In the article “Another lost war: The cost and consequences of drug prohibition”, William Chambliss argues that current drug policies have not worked because the incidence of drug use and the availability of drugs have not changed significantly since the war on drugs was instituted. Current drug policies make it inevitable that individual police will be tempted to accept bribes. Equally important, however, is the organizational pressure on police units to cooperate with drug dealers. Maurice Punch (2009:1) writes: “It is sociologically unsound to speak of ‘individuals’ in organizations, for there are none”. It is important to consider that the nature of police work, organization, and culture can conspire to encourage the diverse forms of police deviance.

Eugenne Oscapella claims that mass demand for prohibited drugs creates a black market that feeds organized crime, increases violence, corrupts enforcement and wastes police recourses. Oscapella (2001) argues that the War on Drugs is a political war, waged not by scientists and doctors, but by police officers and politicians. William Chambliss (1995) suggests that crime and drugs have been used as the weapon by conservative governments to gain political advantage. Chambliss (1995:9) notes that, “crime and drugs were joined on the political agenda, thus making it nearly impossible to argue for decriminalizing drugs without appearing to support crime”. Therefore, the war on drugs has been one of the biggest winners in political history for politicians.

A number of studies demonstrates that the war on drugs increases incarceration rates and creates economies that are drug dependent (Oscapella 2001; Skolnick 1992). Chambliss (1995) notes that the war on drugs in America is a war between the police and minority youth from the “ghetto underclass”. African American, Latino and Aboriginal people are particularly hard hit by the systematic racism inherent in the enforcement of drug laws. Drug arrests and incarcerations are the major contributor to the unprecedented number of people in prison. For instance, in 1992, 58% of the US inmates in federal prisons and over 30% of state prisoners were sentenced for drug offences (Chambliss, 1995). Approximately one-third of these were sentenced for marijuana, with another two-thirds for heroin and cocaine.

There is almost universal agreement that the war on drugs has failed.The article ” The War on Drugs is a failure” notes that this is an ineffective strategy that has to be replaced with more humane and efficient drug policies. Canadian Foundation for Drug Policy argues that the war against drugs violates human rights, damages environments and fills prisons with drug users. War on drugs takes away police time from pursuing “real” criminals and requires the police officers to treat addicts as criminals.

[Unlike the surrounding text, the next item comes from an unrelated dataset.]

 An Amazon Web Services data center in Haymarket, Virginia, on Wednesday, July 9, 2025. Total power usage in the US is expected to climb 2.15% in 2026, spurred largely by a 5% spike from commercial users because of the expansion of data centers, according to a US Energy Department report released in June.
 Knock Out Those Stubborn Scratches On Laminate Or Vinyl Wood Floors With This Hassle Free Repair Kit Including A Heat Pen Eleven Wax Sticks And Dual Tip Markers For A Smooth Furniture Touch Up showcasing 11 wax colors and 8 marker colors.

William Chambliss (1995) states that prohibitionist policies based criminalization of consumption have not worked. The author suggests to it is time to replace an ineffective strategy with more humane and efficient drug policies. According to Chambliss (1995), the Netherlands has been a leader in the search for alternatives for policing as a solution to social problems associated with the use of drugs. The Netherlands decriminalized possession, use, and sale of marijuana and other drugs. The main rule that governs police enforcement of anti-drugs laws is that the police are a bridge between drug addicts and treatment services (Chambliss, 1995:2). Research conducted by the Public Health and National Police in the Netherlands found that decriminalization of the use, sale, and possession of some amounts of drugs has not led to any increase in usage and has decreased the amount of crime.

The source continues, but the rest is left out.